Case round-up in brief

In Forces One Utilities v Hatfield, the EAT held that it is appropriate to strike out a response when the employer’s main witness threatens the claimant at the tribunal (in this case, by threatening and swearing at the claimant in a car park near the tribunal).

In Cortest v O’Toole, the EAT clarified that the right to take time off to look after dependants under the Employment Rights Act only applies to emergency situations and is limited to a “reasonable” time-off (which in most situations would not stretch to longer than a day or two).

In Kuzel v Roche the Court of Appeal has considered the burden of proof in whistle-blowing cases and held that it is for the employer to prove that it had a potentially fair reason for dismissing, or to prove that the alternative reason asserted by the employee was not the real reason.

In Impact v Minister for Agriculture and Food (Ireland) the ECJ holds that non-discrimination rules in the Fixed Term Workers Directive have direct effect, meaning they can be enforced directly, irrespective of the national laws the use of successive fixed term contract rules do not have direct effect, the principle of non discrimination against fixed term workers extends to pension entitlements and employees must be able to bring claims based on EC law in the Employment Tribunal.

In Focus

Acas has published a draft code of practice on discipline and grievance which anticipates changes in employment law due in April 2009 (when the Statutory Dispute Resolution Procedures are to be repealed).

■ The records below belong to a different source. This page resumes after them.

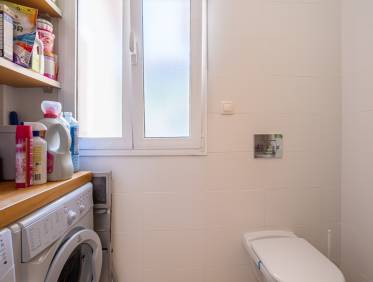 Bestaand - Independent villa - La Zarza - La Zarza Murcia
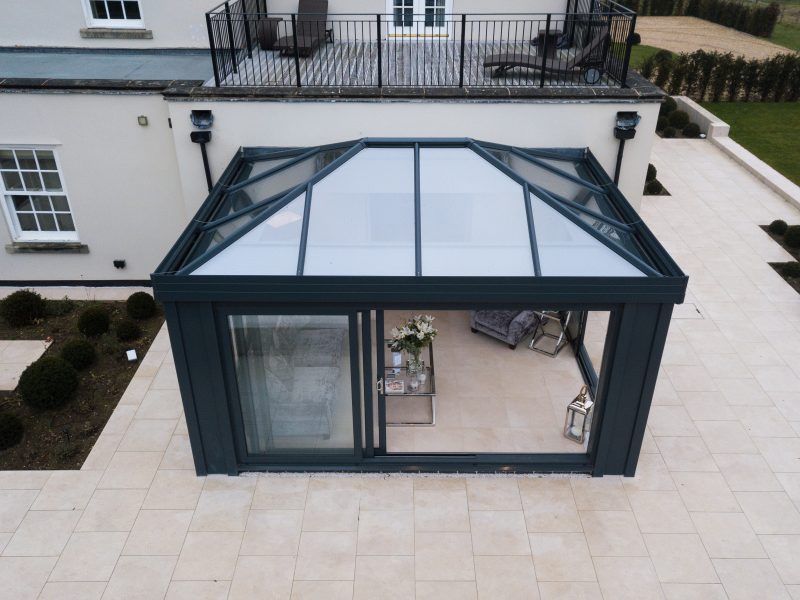 Angmering double glazed product online prices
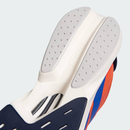 Adidas Adizero Drive RC - Impact Orange / Lucid Blue / Spark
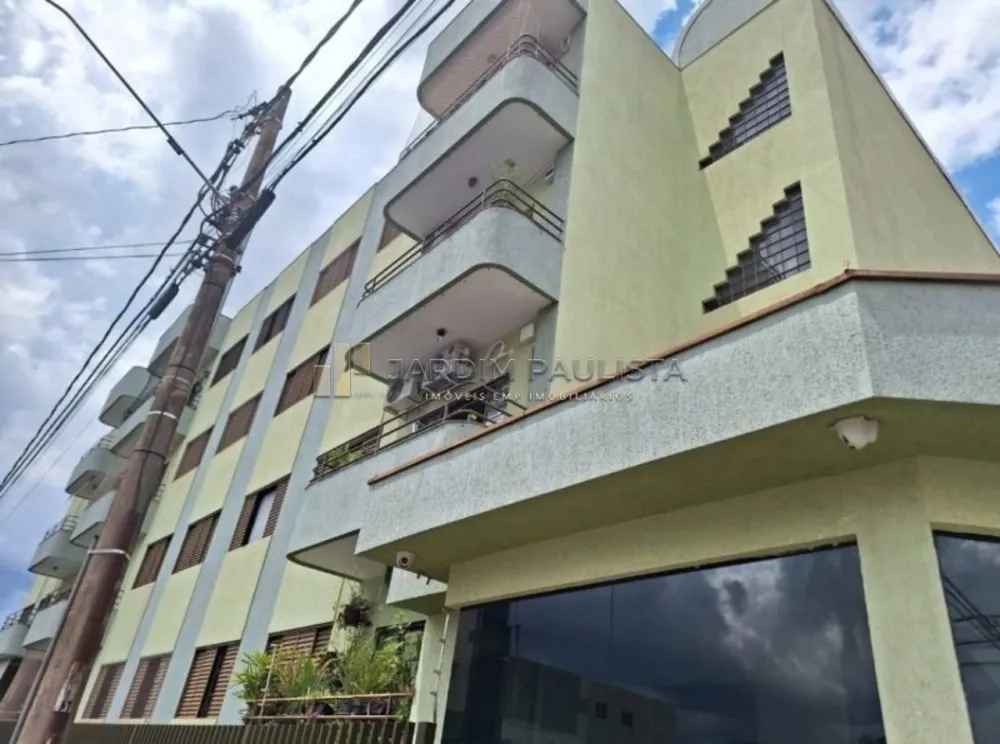 Apartamento, 2 quartos, 73 m² - Foto 13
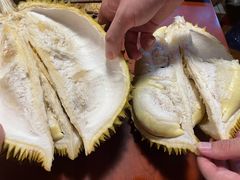 -物美大卖场(玉蜓桥店)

Under the proposals, a failure to follow the code will not, in itself, mean employers will be liable for unfair dismissal (or whatever the complaint may be), but the tribunals will be able to adjust compensation by up to 25% if the employer unreasonably ignores any part of the code.

The new draft code is much more concise and principles-based than the current version.

The deadline for responding to Acas is 25 July 2008.

One to watch

In Thomas-James and Others v Cornwall County Council the tribunal concluded that where it was not possible to identify which incoming contractor was carrying out the activities of an outgoing contractor there could be no valid change of service provision transfer for the purposes of TUPE.

However, in a similar case, Hambley and Others v Leena Homes Limited and Others, the tribunal reached the opposite conclusion based on similar facts.

Hambley is due to be heard by the EAT very soon and further guidance is clearly needed.